In non-Columbia-related news, the Alliance Defense Fund has filed a federal lawsuit on behalf of the InterVarsity Christian Fellowship, which was derecognized by the University of Wisconsin for allowing only Christians to serve as leaders of the group. This case closely resembles another case recently decided by the 7th Circuit Court of Appeals, whose jurisdiction includes Wisconsin. In Christian Legal Society v. Walker, the appeals court ordered Southern Illinois University to recognize the Christian Legal Society, which was originally dissolved because of a policy banning voting members and leaders from engaging in or approving of premarital sex, adultery, or homosexual sex. In light of this case, it will likely be difficult for the University of Wisconsin to justify its actions in court. It is also important to note that other federal courts have produced rulings similarly favorable to student organizations. Just last month, FIRE’s Will Creeley discussed a case in which a university was ordered to reinstate a fraternity that was kicked off of campus because of its membership policy.

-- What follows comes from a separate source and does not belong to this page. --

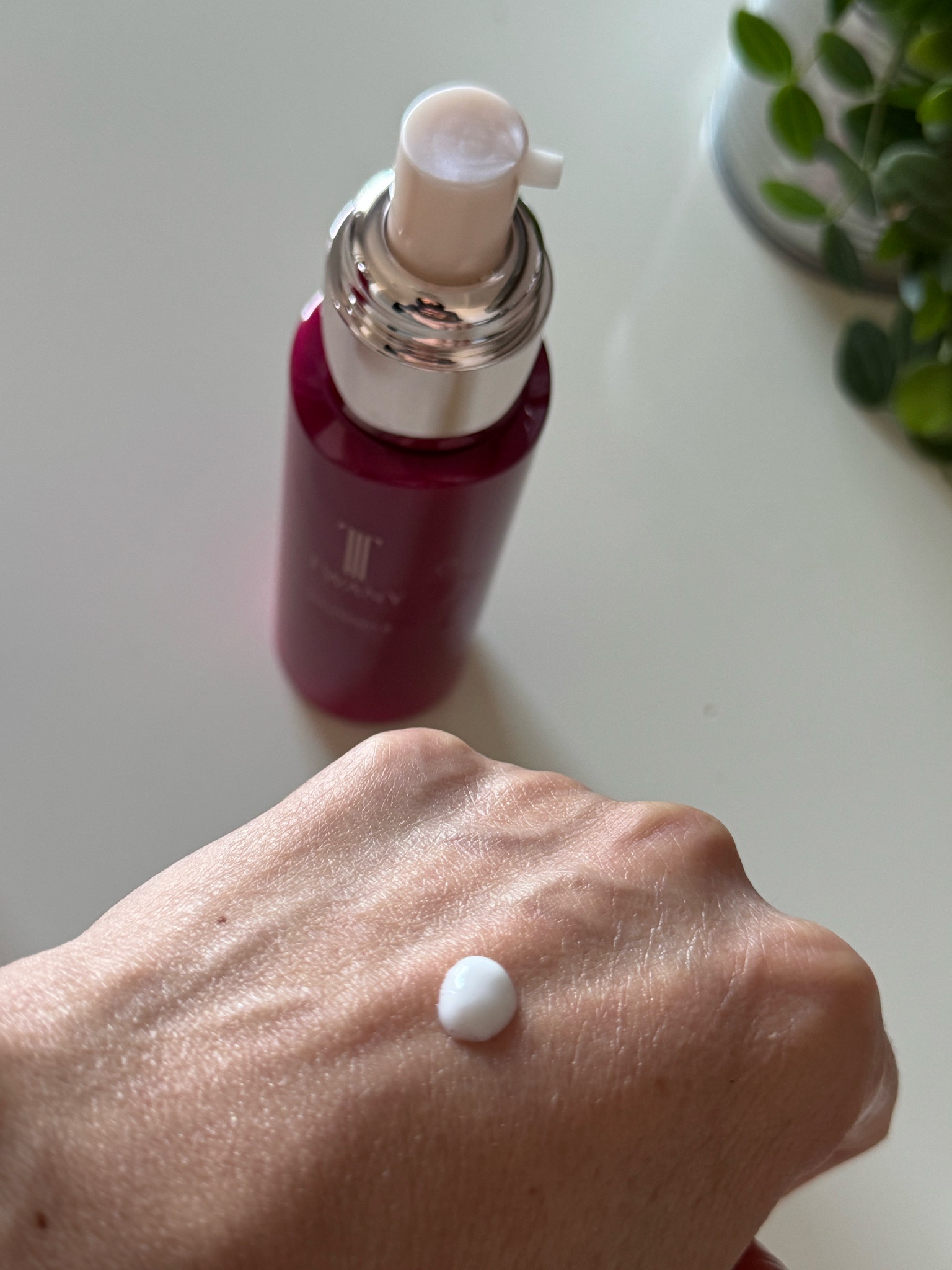 トワニー / エマルジョンNII レフィル 100mlの公式商品情報｜美容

This latest violation of student rights should come as no surprise to loyal Torch readers, as the University of Wisconsin System has an egregious track record. FIRE has been forced to intervene at UW three times since December 2004: to fight an unconstitutional policy that would have distributed student fee funding on the basis of viewpoint; to put an end to an unconstitutional ban on RAs leading bible studies; and most recently, to protect freedom of the press and stop the censorship of a student magazine.
Students have a constitutional right to associate and form groups with like-minded individuals—it is a bedrock principle of any free society. Universities should recognize that it is just as silly to force Christian groups to accept non-Christian members as it would be to force the College Democrats to accept Republicans, the ACLU to accept fascists, or Amnesty International to accept people who support torture.